John's trip
| Time Limit: 1000MS | Memory Limit: 65536K | |||
| Total Submissions: 10112 | Accepted: 3424 | Special Judge | ||
Description
Little Johnny has got a new car. He decided to drive around the town to visit his friends. Johnny wanted to visit all his friends, but there was many of them. In each street he had one friend. He started thinking how to make his trip as short as possible. Very soon he realized that the best way to do it was to travel through each street of town only once. Naturally, he wanted to finish his trip at the same place he started, at his parents' house.
The streets in Johnny's town were named by integer numbers from 1 to n, n < 1995. The junctions were independently named by integer numbers from 1 to m, m <= 44. No junction connects more than 44 streets. All junctions in the town had different numbers. Each street was connecting exactly two junctions. No two streets in the town had the same number. He immediately started to plan his round trip. If there was more than one such round trip, he would have chosen the one which, when written down as a sequence of street numbers is lexicographically the smallest. But Johnny was not able to find even one such round trip.

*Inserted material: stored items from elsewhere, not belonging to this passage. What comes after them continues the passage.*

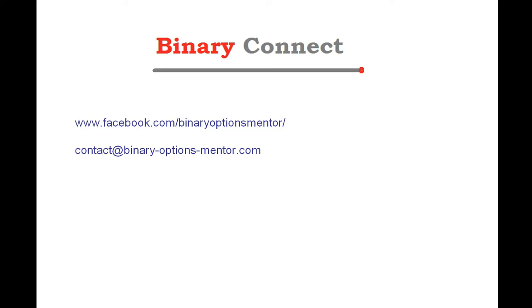Hi, my name is Reneau from BinaryOptionsMentor.com. In this video, I want to tell you about Binary Connect.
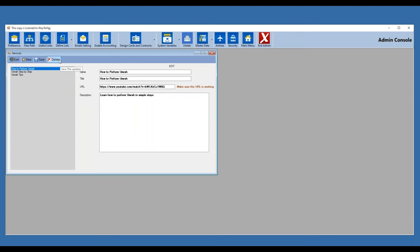You can delete entries or update existing ones on the left side. For example, we have 'How to Perform Umrah' with a YouTube link and description 'Learn how to perform Umrah in simple steps.' Now each client, when they sign in online, will see a useful link called 'How to Perform Umrah,' click on it, and watch the video. It's that simple.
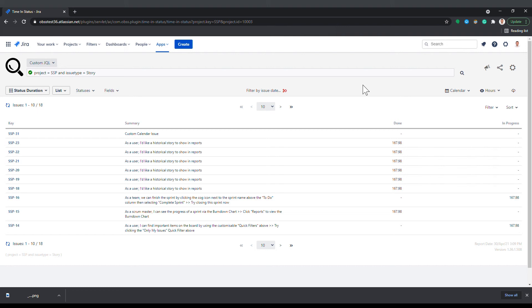Trim dates are particularly useful when you're working with old issues and want to focus on a specific period of time, maybe a phase of a project or a specific sprint.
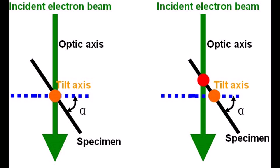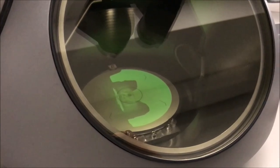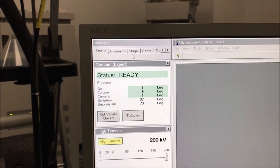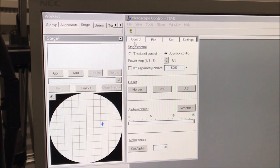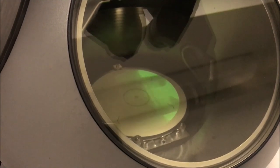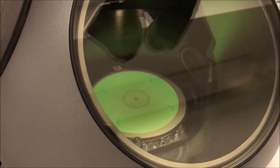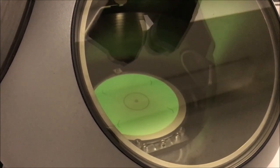Now we can move on to how to set eucentric height on your microscope. I have a FIB lamella here to demonstrate. I'll navigate to the stage tab and expand the flap-out arrow. Going down to alpha wobbler, I can turn on the wobbler, which wobbles the alpha tilt of the stage. If the sample is not at eucentric height, you'll see the image of the sample shifting as the alpha tilt is wobbled.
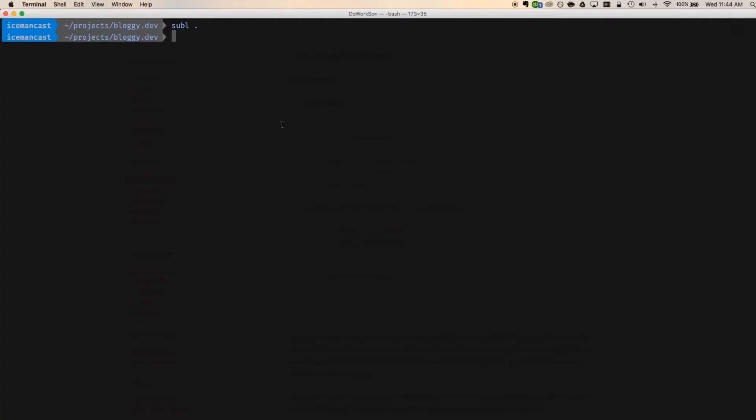So first thing we're going to do is go over to our terminal. We're going to make sure that we're here in the path of our bloggy.dev. If you're not there, then you're going to go to CD Homestead. Actually, if you're not there, you're going to go to CD and then projects, bloggy.dev.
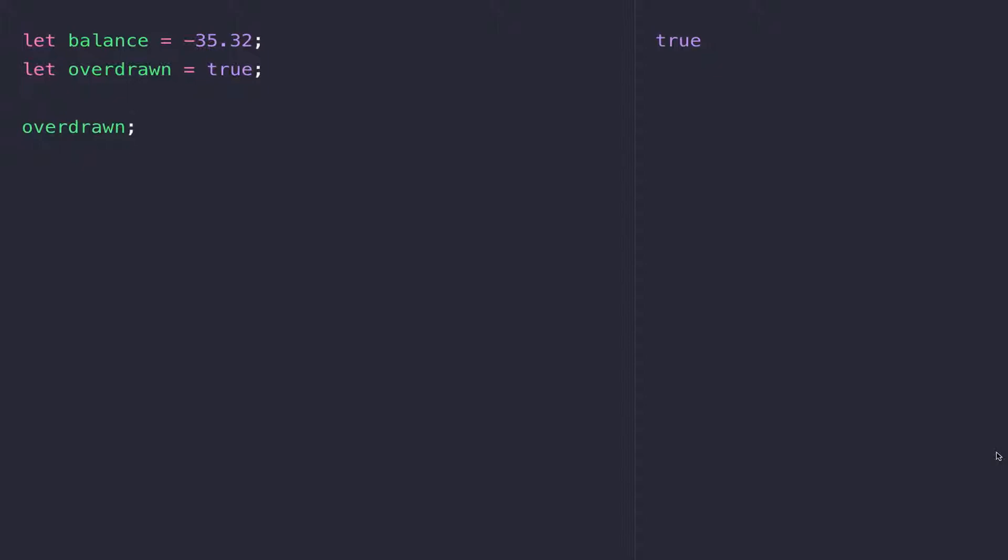We'll also be looking at how to create a boolean using something called a boolean expression, which is basically the result of comparing two values together.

Help Johnny and write a program which finds the desired shortest round trip. If the round trip does not exist the program should write a message. Assume that Johnny lives at the junction ending the street appears first in the input with smaller number. All streets in the town are two way. There exists a way from each street to another street in the town. The streets in the town are very narrow and there is no possibility to turn back the car once he is in the street
Input
Input file consists of several blocks. Each block describes one town. Each line in the block contains three integers x; y; z, where x > 0 and y > 0 are the numbers of junctions which are connected by the street number z. The end of the block is marked by the line containing x = y = 0. At the end of the input file there is an empty block, x = y = 0.
Output
Output one line of each block contains the sequence of street numbers (single members of the sequence are separated by space) describing Johnny's round trip. If the round trip cannot be found the corresponding output block contains the message "Round trip does not exist."
Sample Input
1 2 1 2 3 2 3 1 6 1 2 5 2 3 3 3 1 4 0 0 1 2 1 2 3 2 1 3 3 2 4 4 0 0 0 0
Sample Output
1 2 3 5 4 6 Round trip does not exist.
题意:
给你每两个房屋由哪条路连接,如果存在欧拉回路就输出最小字典序的路径,如果不存在则输出“Round trip does not exist.”。
做法:
初学欧拉回路,通过网上代码学到了欧拉回路这种新的表达方法,就是这题做的过程有点繁琐,有点心塞。
代码如下:
#include<cstdio>
#include<cstring>
#include<algorithm>
#include<iostream>
#define mem(a,b) memset(a,b,sizeof(a))
using namespace std;
typedef long long ll;
int mp[50][2000],vis[2000],ans[2005],now=0;
int in[55],nroads,nhouse;
void add(int x,int y,int z){
mp[x][z]=y,mp[y][z]=x;
in[x]^=1;in[y]^=1;
}
void dfs(int x,int n){
for(int i=1;i<=n;i++){
if(mp[x][i]&&!vis[i]){
vis[i]=1;
dfs(mp[x][i],n);
ans[++now]=i;
}
}
}
void init(){
mem(mp,0); mem(vis,0); mem(ans,0);
nroads=nhouse=0; now=0; mem(in,0);
}
int main(){
int x,y,z,st;
while(~scanf("%d%d",&x,&y)){
init();
if(x==0&&y==0) break;
scanf("%d",&z);
nhouse=max(x,y);
nroads=z;
st=min(x,y);
add(x,y,z);
while(~scanf("%d%d",&x,&y)){
if(x==0&&y==0) break;
scanf("%d",&z);
add(x,y,z);
nroads=max(nroads,z);
nhouse=max(nhouse,max(x,y));
}
int flag=0;
for(int i=1;i<=nhouse;i++){
if(in[i]) {
flag=1;
break;
}
}
if(flag){
printf("Round trip does not exist.\n");
continue;
}
dfs(st,nroads);
for(int i=now;i>=1;i--){
printf("%d%c",ans[i],i==1?'\n':' ');
}
}
return 0;
}